**Assignment:** Output the records precisely as they stand. Pictures are to be skipped.

Items from a data source
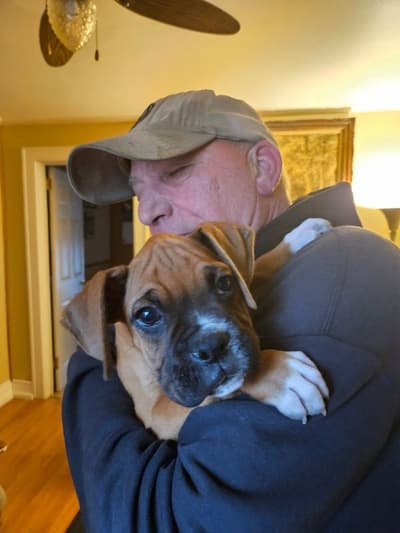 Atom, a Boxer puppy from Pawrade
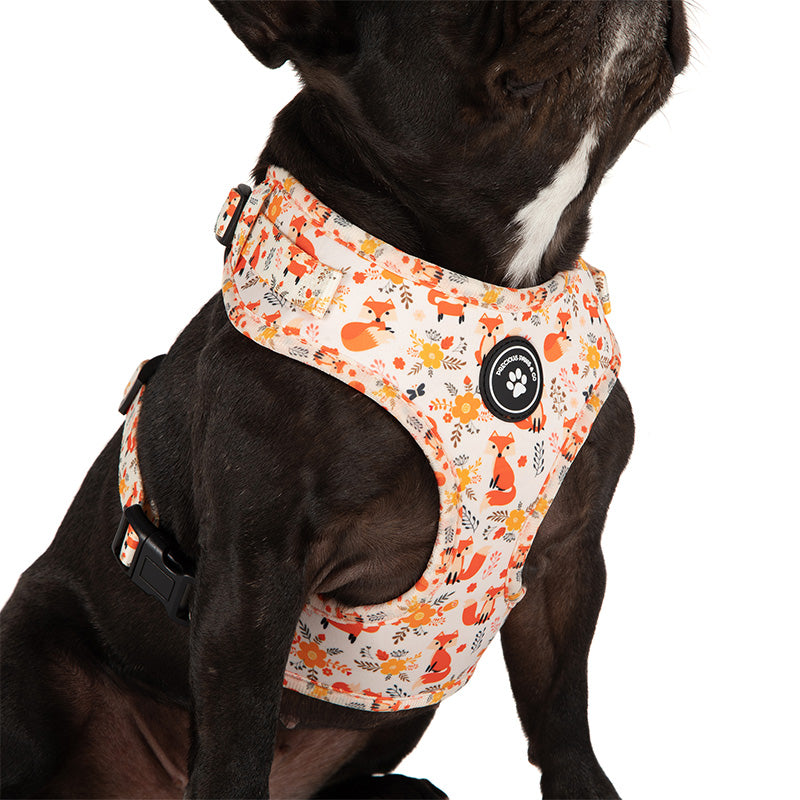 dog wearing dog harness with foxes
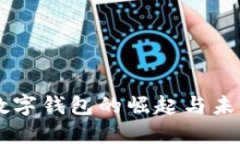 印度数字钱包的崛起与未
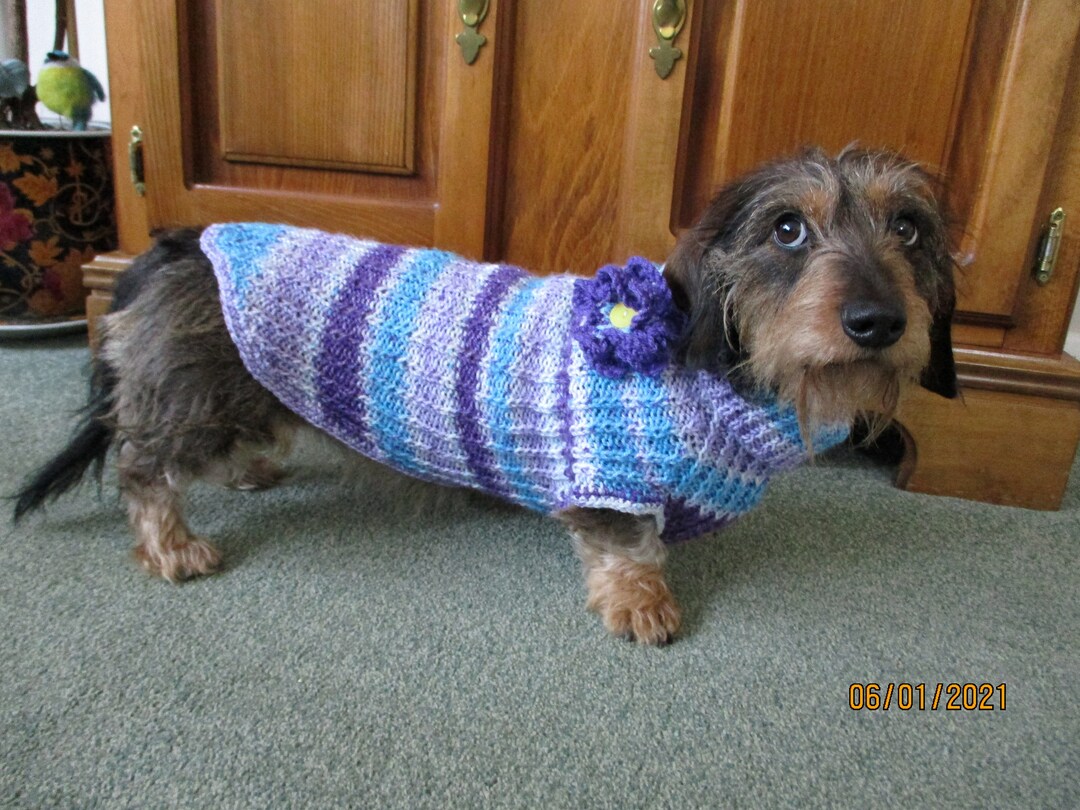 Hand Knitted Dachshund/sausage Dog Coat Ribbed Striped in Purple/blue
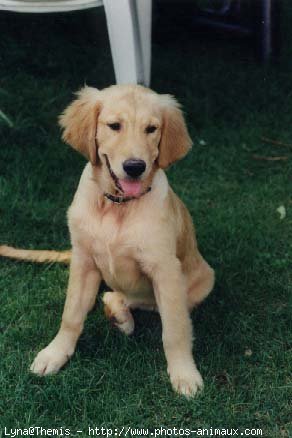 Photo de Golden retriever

**Solution to the exercise:**
 Atom, a Boxer puppy from Pawrade
 dog wearing dog harness with foxes
 印度数字钱包的崛起与未
 Hand Knitted Dachshund/sausage Dog Coat Ribbed Striped in Purple/blue
 Photo de Golden retriever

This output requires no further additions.